I couldn’t understand why he wanted the entries to show in only one category. The way my system (which I know exactly how it *should* work; I just haven’t coded it yet) works is by classifying into multiple categories, using a cut-off % (which will probably vary depending on how many categories there are with a score > 0.01) to restrict it to the relevant categories only.

Other weblog tools

In my quest for other tools that would support article publishing more ‘naturally’ than MovableType, and are written in PHP, I’ve been putting in quite a bit of surfing. Here’s the results (all links are to the features page if it exists):

* “pMachine”:http://www.pmachine.com/features.php - Not open source, and looks quite similar to MT
* “Drupal”:http://drupal.org/node/view/2 - looks v. promising. However, seems to have ’silly’ (i.e. meaningless) URLs
* “Xaraya”:http://xaraya.com/index.php/news/c28/ - stupid name, but looks to be a promising tool _if_ there’s any kind of blogging capability built in. Seems more skewed towards article publishing.
* “Serendipity”:http://www.s9y.org/features.php - a weblog tool, written in PHP. I like the image management tools, for adding images to your posts.
* “Nucleus”:http://nucleuscms.org/features.php - while it doesn’t sell itself like the other tools, it still seems to have many features.
* “phpX”:http://www.phpx.org/index.php?id=9 - by far the least suited at first glance, as it’s very much a portal system
* “TikiWiki”:http://tikiwiki.org/TikiFeatures - another promising system, certainly seems full-featured, although I wonder how much work it would take to make it work, as it seems quite a rigid framework.
* “WordPress”:http://www.wordpress.org - an up and coming PHP weblog. I like what I’ve seen so far, but it’s still under heavy development. _[Aside: "Tim Parkin":http://pollenation.net/journal/ is using it for his journal]_
* “coWiki”:http://www.develnet.org/ - this would be the first one I’d try - Rui Carmo has been recommending that I try a wiki (a tool-type I dislike for a number of reasons, not least “BashedURLsAreHardToRead”:# and lack of structure). However coWiki has a “slightly different philosophy”:http://www.develnet.org/CoWiki/ThePhilosophy. Unfortunately though, it only works with PHP5 :-( Oh, and like Drupal, it has meaningless URLs (each page is named numerically), although there are meaningful permalinks. Maybe this is still to be added throughout?
* “BBlog”:http://www.bblog.com/ - Uses “Smarty”:http://smarty.php.net/ as part of its core, with most features implemented as plugins. And, it has *threaded comments!*. Still under very heavy development.
* Finally, and added more for reference as a curiosity, “Komplete Lite”:http://www.interakt.ro/products/KompleteLite/index.php - a free version of Komplete, which can act as a CMS or blog. Interesting concept, but I don’t think it will suit me, as there appears to be too much hand-holding.

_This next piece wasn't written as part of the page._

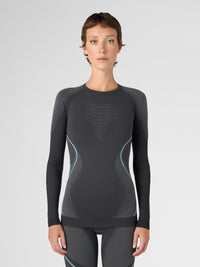 Evolutyon Thermal Jersey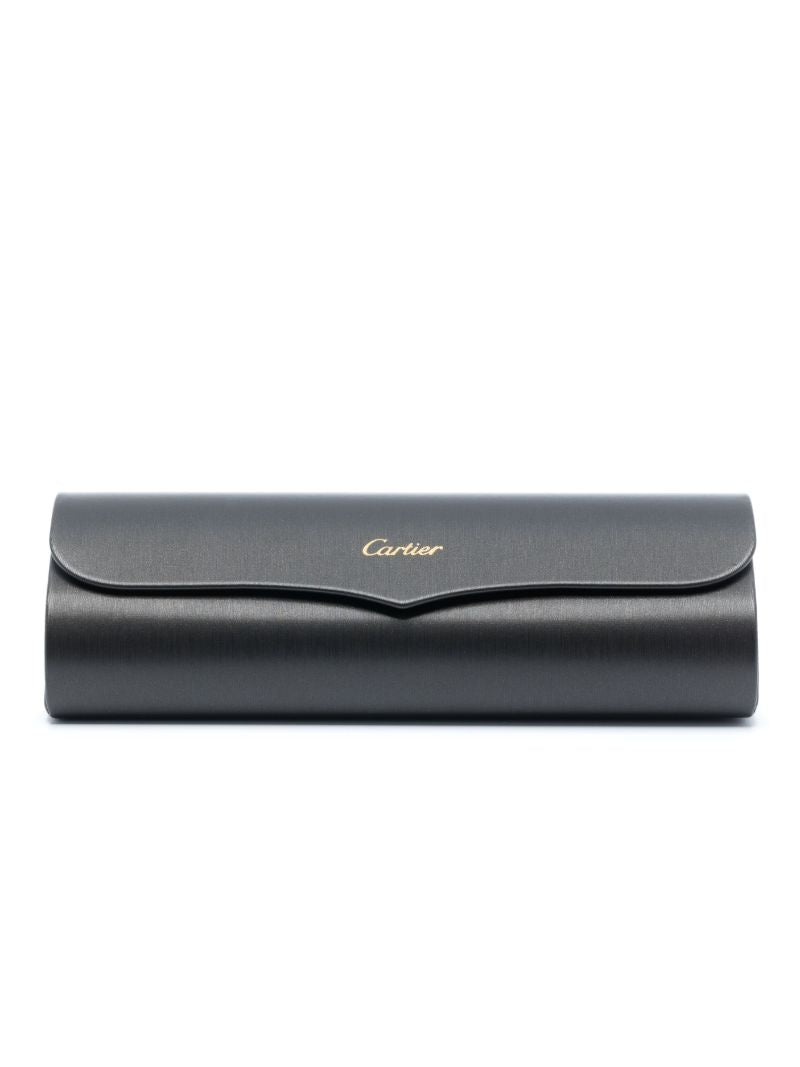 Santos De Cartier Sunglasses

I’m guessing I’m not a typical blogger here, as most of the tools linked to above are not really blogging tools. As a keen amateur photographer I want to add a gallery or something to this domain (and yes, while I could install “ExhibitEngine”:http://photography-on-the.net/ee/ or my own gallery program, I’m lazy and would like it integrated)

I also want to be able to integrate Textile into whatever tool I use, as while it has a few problems, it’s one of the best tools I’ve come across yet (I use it here).

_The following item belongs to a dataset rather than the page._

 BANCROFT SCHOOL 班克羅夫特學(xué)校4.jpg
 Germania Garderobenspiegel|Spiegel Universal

As a user, some of the tools listed above being cut down versions of a commercial tool is enough to put me off - I like things to be totally free. But as a developer, I understand their reasoning. I think it’s one of those conflicts I’ll never resolve :-)
I’m planning on downloading a few of these to try them. If/when I get round to this I’ll post some feedback

h4. Changelog

# 2003/08/17
** Added wordpress and cowiki to the list.
# 2003/08/20
** Added BBlog.

Does MovableType suit my needs?

Having used it for over a week, I think the answer is unequivecally _No_. I wanted a tool that would let me publish articles as well as weblog entries, without having to create the HTML pages myself. Maybe movabletype can do this, but I haven’t worked out how to make it publish certain categories into different folders on for example.

The date-based model that MovableType and other blogging tools follow makes pointless to go back and update old entries when you have something new to say. Who’s going to find that you’ve added something or corrected some mistakes?

Making a new entry saying “I have updated a previous entry” would work, but increases the noise, without increasing the usefulness.

The solution? I don’t know yet; keep checking this post for updates ;-)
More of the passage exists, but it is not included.